The Village of Coalton, cross-appellant, assigns the following error:

[106]*106"The verdict of the jury was against the manifest weight of the evidence in that there was no evidence to support the jury's verdict."

The following facts, pertinent to this appeal, appears in the record. On May 17, 1988, the Village of Coalton (hereinafter referred to as Village) filed a petition for appropriation pursuant to R.C. Chapter 163. In substance the petition averred appellants were owners of property sought to be appropriated, that the appropriation was for a parcel of .4944 acres to construct a waste water treatment plant to serve the Village and for an easement of .0711 acres to and from said plant and the parties could not agree upon a purchase price The resolution of the Village was not attached or contained in the petition as required by R.C. 163.03(B).2

On May 27, 1988 the then counsel for appellants filed the following answer:

"Now come Donald C. Adkins and Helen Adkins and for their answer to the Petition for Appropriation deny the statement of the purpose of the appropriation; deny that the Village of Coalton has a right to appropriate all of the property sought to appropriated; admit the legal description; admit to the parties having an apparent interest therein and admit that the Village of Coalton, Ohio has been unable to agree with the owners thereof for the purchase of certain parcels of real property.
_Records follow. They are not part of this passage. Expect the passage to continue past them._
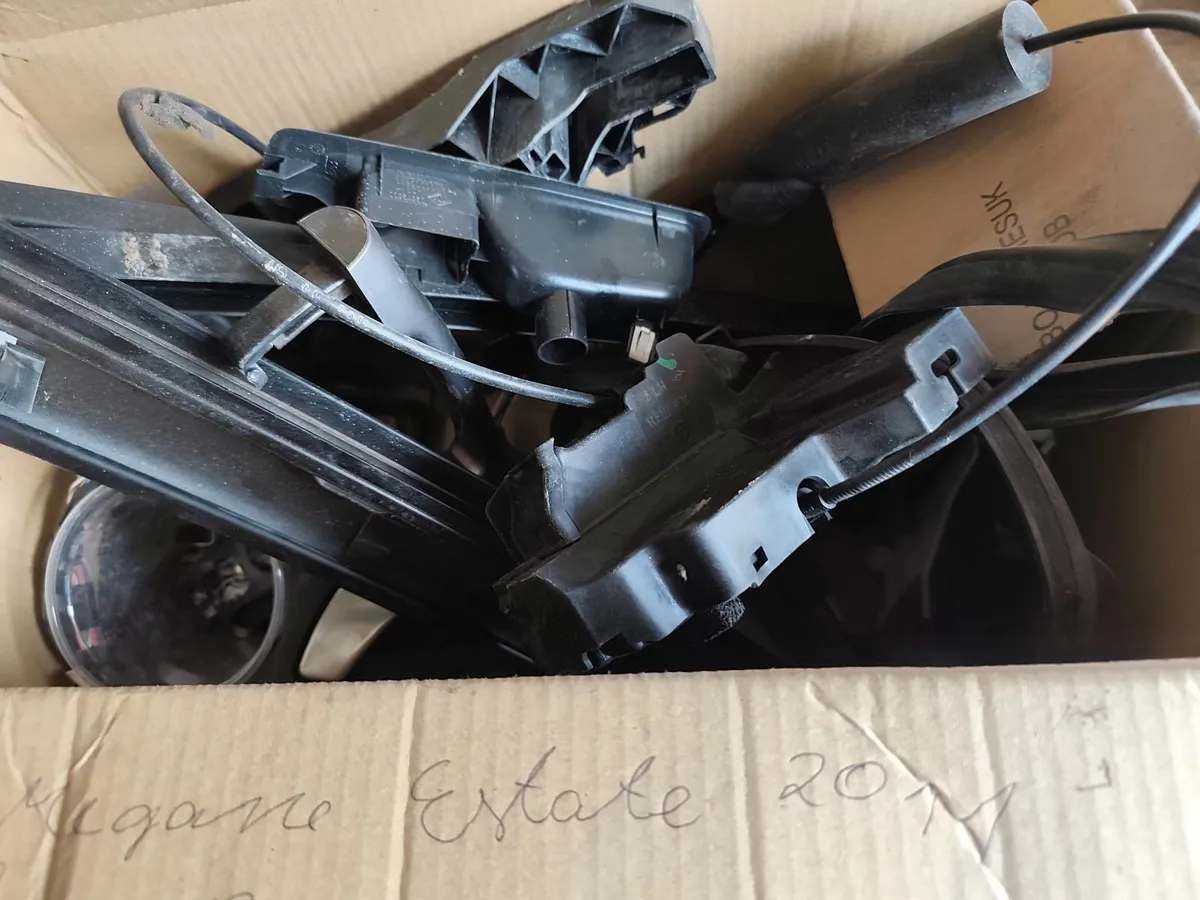 Corsa ,Kia, Nissan ,Megane ,Mercedes e,Golf,Bmw5 - Image 4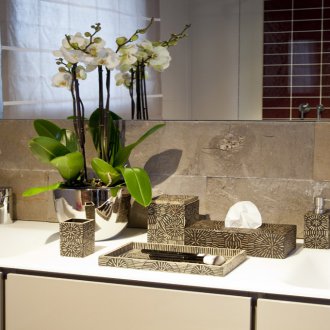 Κρεμαστό καθρέφτη μπάνιου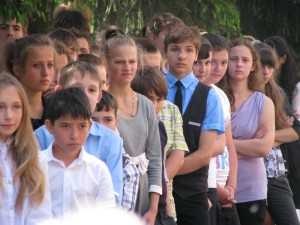Учні вшановують пам'ять вчителів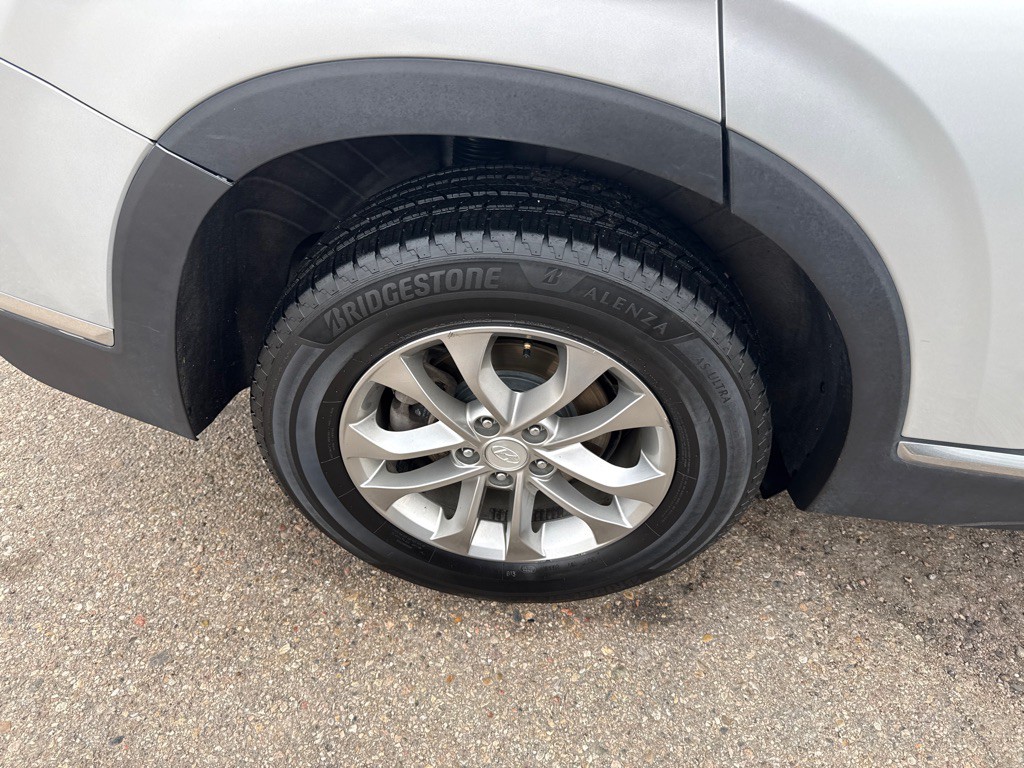 2019 Hyundai Santa Fe Image 12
"2. These answering Defendants further deny that the Village of Coalton has complied with the provisions of Section 163.04 of the Revised Code of Ohio."
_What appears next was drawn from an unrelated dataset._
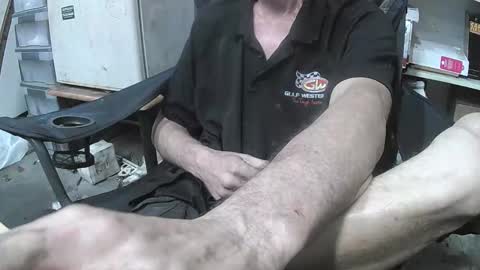 04oldskool online show from November 2025 05:29:02 AM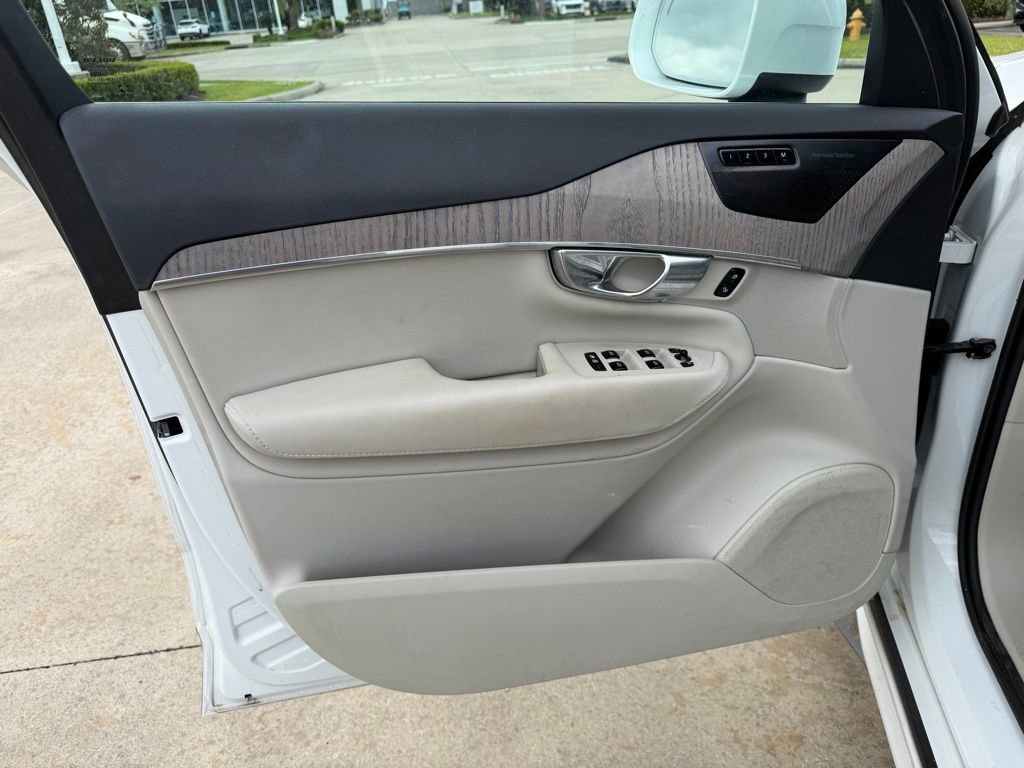Used 2023 Volvo XC90 B6 Plus w/ Protection Package Premier image 11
On September 9, 1988 the Village filed a statement of intention to take possession of the property appropriated and deposited the sum of $4,800. with the Clerk of the Jackson County Common Pleas Court. On September 19, 1988, the Village filed an amended petition reciting the intention to appropriate three parcels consisting of a 1.4944 acre in fee, a permanent easement and a temporary easement.3 Immediately prior to trial, motions for dismissal were made by appellants on the basis of defects in instituting the appropriation and overruled.4

At trial, pursuant to R.C. 163.12, appellants presented their evidence which constituted only the testimony of appellant Donald C. Atkins.5 He testified, in substance; that his father had purchased the property in 1948 then consisting of 109 acres, in Coal Township and that in 1973 appellants purchased it from his father for $21,000. At that time, the property consisted of an eighty-one acre tract. The witness testified as to the advantages of his property by reason of being adjacent to the Village of Coalton, the lay of the land, the number of adjacent roads and the availability of water. Further, that even though it was used for agriculture purposes, he testified it was suitable for building lots which would be undesirable by reason of the odor from a waste water plant.

Although he admitted he did not know the fair market value of properties in the neighborhood, as an owner he testified, without objection, as follows:

"Q. I'm sure you've had an opportunity to maul [sic] over in your mind these proceedings the last year, short of a year, have you had any opinion formed as to what you think the value of the property for the sewage treatment is, taking into account the resulting reduction in the value of the rest of your property and the reduction in your ability to have the water rights and the mineral rights to the rest of your property?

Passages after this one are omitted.